日本橋にあった春陽堂の店なども、旧い暖簾の奥深く、番頭さんや小僧さんが前だれをかけてきちんと坐り、奥の間に通されるのは流行作者だけだったという。泉鏡花氏などは自由に奥の間に通る作者の一人だったという。父は詩の草稿をたずさえ、この店先へ腰を降ろす度に、暖簾の奥に秘められた作者と出版元との封建的つながりを嘆じ、旧弊な戯作者の立場から一歩も出ていない小説作者の前進を思えば、身を挺してでも革新の風をもたらしたいと願う心持が「破戒」の自費出版の形となって現れたものだという。

 さらに藤村には屈辱と感じたことがあった。
 処女詩集「若菜集」を春陽堂から出版する際に、広告文も自分で書くように求められたのだ。
 それまで広告文は出版社か、少なくとも他の人間が書くものと思っていた藤村は断るが、春陽堂の番頭は、
「皆様そうして頂いております。どうして先生方の中には、本文よりも広告文の方に骨を折ってくださる方もおります」
 と、微笑しながら言い放ったのだ。これを藤村は、出版社から作者への嘲笑と感じた。

 これら藤村が屈辱と感じたことは、当時の文人なら、漱石や鴎外など極一部の例外を除き、誰でも経験したことである。
 しかし藤村は山国出身特有の、よく言えば粘り強い、悪く言えば執念深い性質だった。
 これらの屈辱を胸に秘め、小説のデビューはどこの出版社の世話にもなるまい、自分で作って自分で売ってやる、と決意したのだ。
 有名詩人島崎藤村が処女小説「破戒」を執筆しているという噂を聞きつけた金尾文淵堂の主人は、例によって「ゲンコウイタダキタシ」の電報を送ったが、藤村は黙殺した。
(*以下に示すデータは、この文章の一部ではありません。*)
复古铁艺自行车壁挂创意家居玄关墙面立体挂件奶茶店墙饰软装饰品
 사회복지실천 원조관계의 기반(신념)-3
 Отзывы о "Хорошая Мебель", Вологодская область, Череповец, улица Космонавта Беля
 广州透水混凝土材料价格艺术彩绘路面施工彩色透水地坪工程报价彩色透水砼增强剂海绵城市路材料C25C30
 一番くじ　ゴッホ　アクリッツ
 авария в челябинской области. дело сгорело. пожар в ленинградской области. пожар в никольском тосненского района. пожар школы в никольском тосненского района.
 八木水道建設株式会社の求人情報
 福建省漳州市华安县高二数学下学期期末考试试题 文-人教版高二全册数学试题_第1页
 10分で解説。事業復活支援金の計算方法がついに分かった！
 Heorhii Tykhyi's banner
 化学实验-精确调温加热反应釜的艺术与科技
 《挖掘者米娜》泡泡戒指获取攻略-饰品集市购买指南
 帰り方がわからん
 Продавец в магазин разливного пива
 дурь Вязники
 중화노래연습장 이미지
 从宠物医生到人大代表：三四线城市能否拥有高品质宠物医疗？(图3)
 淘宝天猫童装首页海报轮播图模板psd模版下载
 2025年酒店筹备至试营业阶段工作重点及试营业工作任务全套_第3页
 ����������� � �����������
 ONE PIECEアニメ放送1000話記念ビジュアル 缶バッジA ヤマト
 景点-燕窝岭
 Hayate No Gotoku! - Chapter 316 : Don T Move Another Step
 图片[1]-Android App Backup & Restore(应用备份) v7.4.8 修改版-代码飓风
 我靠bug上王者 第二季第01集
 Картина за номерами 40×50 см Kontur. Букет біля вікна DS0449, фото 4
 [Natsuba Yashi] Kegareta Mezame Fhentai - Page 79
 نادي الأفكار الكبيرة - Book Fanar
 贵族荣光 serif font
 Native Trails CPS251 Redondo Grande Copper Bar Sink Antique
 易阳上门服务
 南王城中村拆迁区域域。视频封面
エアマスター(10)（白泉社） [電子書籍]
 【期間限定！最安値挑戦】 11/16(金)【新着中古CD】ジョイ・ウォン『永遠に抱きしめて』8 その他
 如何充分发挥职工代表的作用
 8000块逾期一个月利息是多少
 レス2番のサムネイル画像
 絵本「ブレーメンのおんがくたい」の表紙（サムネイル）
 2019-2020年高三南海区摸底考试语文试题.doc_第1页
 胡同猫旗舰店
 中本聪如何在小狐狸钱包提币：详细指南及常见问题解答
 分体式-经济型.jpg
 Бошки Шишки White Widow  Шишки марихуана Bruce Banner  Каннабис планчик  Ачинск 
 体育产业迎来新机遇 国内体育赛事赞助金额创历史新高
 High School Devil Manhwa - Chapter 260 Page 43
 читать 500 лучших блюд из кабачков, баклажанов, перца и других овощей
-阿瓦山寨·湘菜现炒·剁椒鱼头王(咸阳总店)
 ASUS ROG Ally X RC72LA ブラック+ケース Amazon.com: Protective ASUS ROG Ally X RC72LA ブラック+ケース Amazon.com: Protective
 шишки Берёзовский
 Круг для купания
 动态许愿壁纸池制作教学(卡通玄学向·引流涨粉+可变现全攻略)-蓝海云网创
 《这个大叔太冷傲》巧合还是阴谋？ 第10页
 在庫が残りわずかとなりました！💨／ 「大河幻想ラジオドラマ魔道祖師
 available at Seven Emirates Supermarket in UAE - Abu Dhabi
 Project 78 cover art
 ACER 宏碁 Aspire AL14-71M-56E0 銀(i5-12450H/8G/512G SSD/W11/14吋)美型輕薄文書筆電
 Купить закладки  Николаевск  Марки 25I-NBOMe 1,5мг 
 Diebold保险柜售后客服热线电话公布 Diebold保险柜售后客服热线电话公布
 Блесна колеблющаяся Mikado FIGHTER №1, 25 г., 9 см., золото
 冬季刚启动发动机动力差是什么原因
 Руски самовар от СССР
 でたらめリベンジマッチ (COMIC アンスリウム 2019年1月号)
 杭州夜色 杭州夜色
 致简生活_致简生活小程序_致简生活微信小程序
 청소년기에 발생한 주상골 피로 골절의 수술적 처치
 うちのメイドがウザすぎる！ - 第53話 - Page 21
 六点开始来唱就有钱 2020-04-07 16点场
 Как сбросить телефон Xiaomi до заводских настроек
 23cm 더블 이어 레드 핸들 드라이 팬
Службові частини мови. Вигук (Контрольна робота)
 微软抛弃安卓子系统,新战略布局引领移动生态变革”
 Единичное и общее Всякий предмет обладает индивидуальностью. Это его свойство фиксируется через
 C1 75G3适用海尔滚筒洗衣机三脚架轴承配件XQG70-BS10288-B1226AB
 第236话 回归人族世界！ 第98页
 藤村は出版費用の金策に走り回った。ときあたかも、日露戦争の真っ最中である。
 津軽沖にロシアの潜航艇が出没して商船を沈めているという噂におびえつつも、函館に渡り、妻、冬子の父親で、網問屋を営む秦慶治から400円の借金をする。
 さらに雪道を草鞋がけで歩き、小諸義塾で親友となった佐久の地主、神津猛に400円の借金を申込むが、神津も咄嗟のことなのですぐには融通できず、とりあえず手元にあった150円を借りる。のち、さらに60円を借りる。
 この610円を元手として、藤村は「破戒」の自費出版に乗り出す。

 明治39年、藤村ブランドの「緑蔭叢書」第一篇として自費出版された「破戒」は、漱石や抱月に絶賛され、たちまち初版1,500部を完売した。2年後には第5版も残500部を数えるようになったから、1版1,000部として5,000部となる。定価70銭だから、3,500円が藤村の収入になったことになる。
 これだけ見ると藤村自費出版で大儲けのようだが――実際、嵐山光三郎や坪内祐三はそう思っているらしいが(余談だが、坪内のこの発言があった「週刊SPA!」に掲載された坪内と福田和也の対談「文壇アウトローズ世相放談」には、尾崎紅葉の死後の家族貧窮など、事実誤認が多い)――、どうもそうはうまくいかなかったようである。
 その証拠に「破戒」出版の1年ほど後、藤村はまたも神津猛に借金申込みの手紙を出している。大意は「『破戒』の5版は500部を残すのみとなったが、この売上だけでは、次の小説『春』が完成するための生活費にはとうてい足りない。なんとか200円貸してもらえないだろうか。でないと家族が飢え、『春』の執筆もおぼつかない」というものだった。
 これに対して太っ腹な神津猛は、言われるままに200円を藤村に渡す。
 どうやら自費出版は、藤村のプライドを守ることはできたが、金銭的には成功とはいえなかったようだ。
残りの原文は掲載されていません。